Troisième film du cinéaste chinois Wang Quan’an, LE MARIAGE DE TUYA se présente comme un tableau de la vie quotidienne des bergers de Mongolie Intérieure. Des hommes et des femmes qui s’efforcent de (sur)vivre aux frontières septentrionales de la Chine. Coup de projecteur sur un monde tiraillé entre tradition et modernité, voici un film très réussi (Ours d’Or à Berlin, 2007).

Le cinéma chinois évolue. Après les reconstitutions historiques et les grandes fresques collectives de Zhang Yimou ou de Chen Kaige, voici une nouvelle génération de cinéastes dont les premiers films datent des années ayant suivi les événements de Tian’anmen (1989). Des films plus personnels, en prise directe avec la réalité quotidienne du pays.

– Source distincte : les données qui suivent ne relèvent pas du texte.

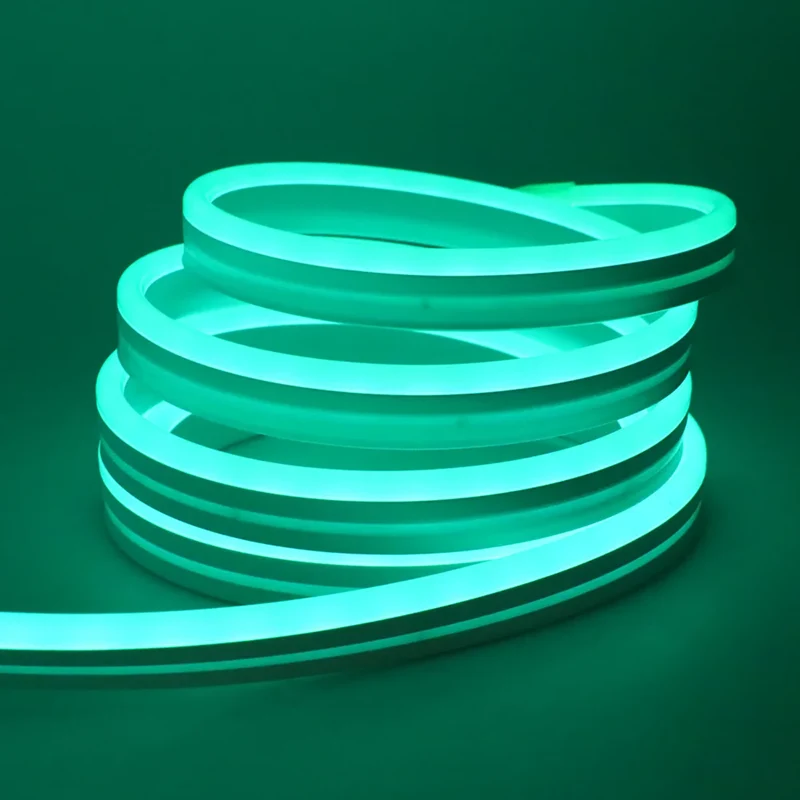 DC 24V RGB Neon Rope LED Strip Light - App Control, Music Sync, Waterproof, AC 110V/220V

Réalisé en Mongolie chinoise, LE MARIAGE DE TUYA mêle éléments documentaires et fiction, dans un tableau d’un mode de vie que l’on sent en train de disparaître. Le cinéaste a choisi de tourner dans une bergerie, avec des acteurs non professionnels, à l’exception de Yu Nan, actrice talentueuse qui incarne l’héroïne principale. LE MARIAGE DE TUYA témoigne de l’évolution rapide de la Chine, des difficultés de cette mutation, tant économique, sociale que culturelle.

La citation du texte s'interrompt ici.